## [Work to be completed]
Copy only the lines from the one containing "秋冬壮志凌云 G1飞行服夹克 真皮皮衣男头层牛皮加棉大码外套" through the final line of the records below, exactly as written, with no pictures.

───── Source data ─────

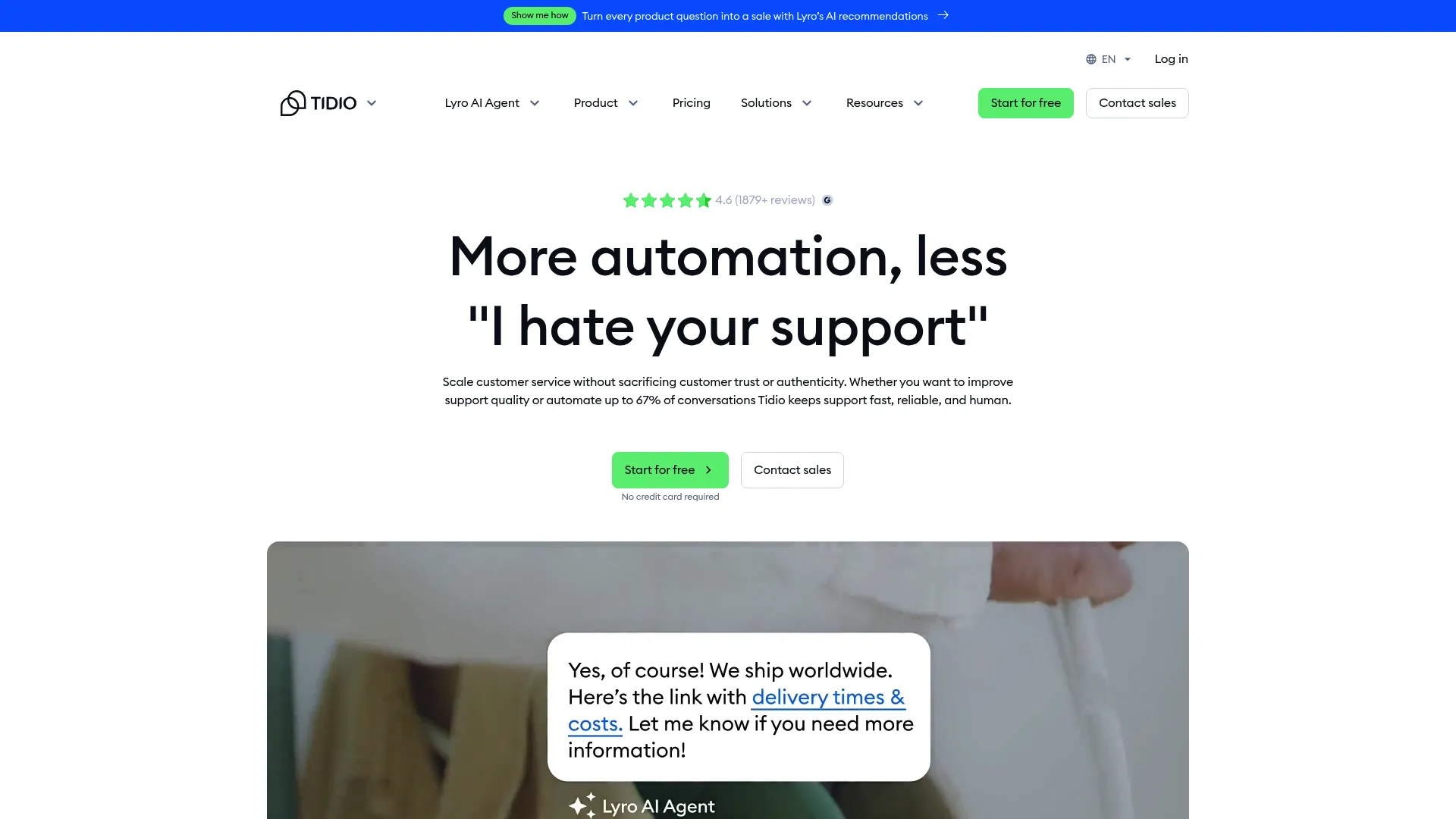 Tidio AI customer service platform homepage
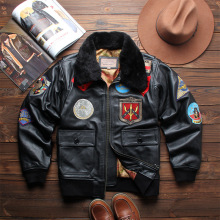 秋冬壮志凌云 G1飞行服夹克 真皮皮衣男头层牛皮加棉大码外套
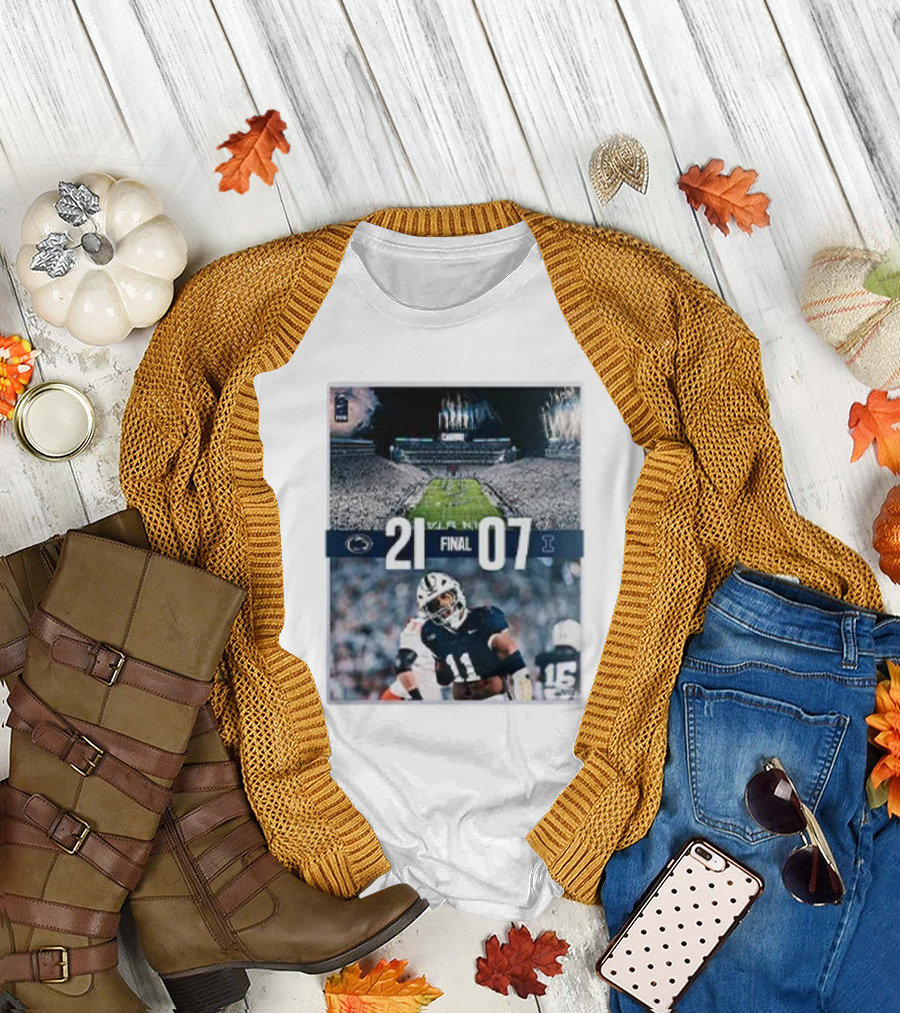 Penn State Nittany Lions 21 07 Final Over Illinois Fighting Illini T-Shirt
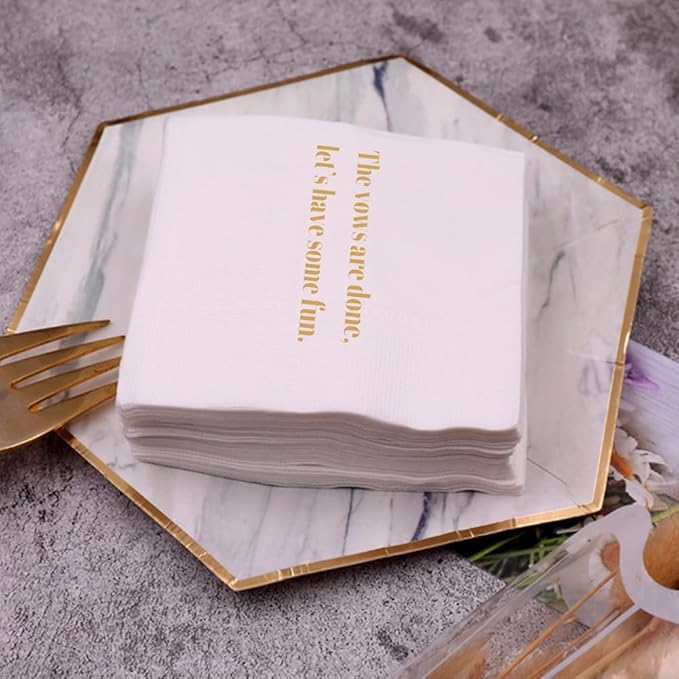 Funny Cocktail Napkins 100Pcs Funny Quotes Saying Disposable Paper Party Napkins 4.5 x 4.5 Two-ply (The Vows Are Done, Let’s Have Some Fun Napkins)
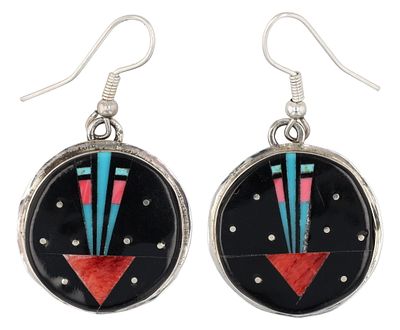 Gilbert Smith Navajo Sterling Multi-Stone Night Sky Earrings. Gilbert Smith Navajo Sterling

─────

## [Final answer]
 秋冬壮志凌云 G1飞行服夹克 真皮皮衣男头层牛皮加棉大码外套
 Penn State Nittany Lions 21 07 Final Over Illinois Fighting Illini T-Shirt
 Funny Cocktail Napkins 100Pcs Funny Quotes Saying Disposable Paper Party Napkins 4.5 x 4.5 Two-ply (The Vows Are Done, Let’s Have Some Fun Napkins)
 Gilbert Smith Navajo Sterling Multi-Stone Night Sky Earrings. Gilbert Smith Navajo Sterling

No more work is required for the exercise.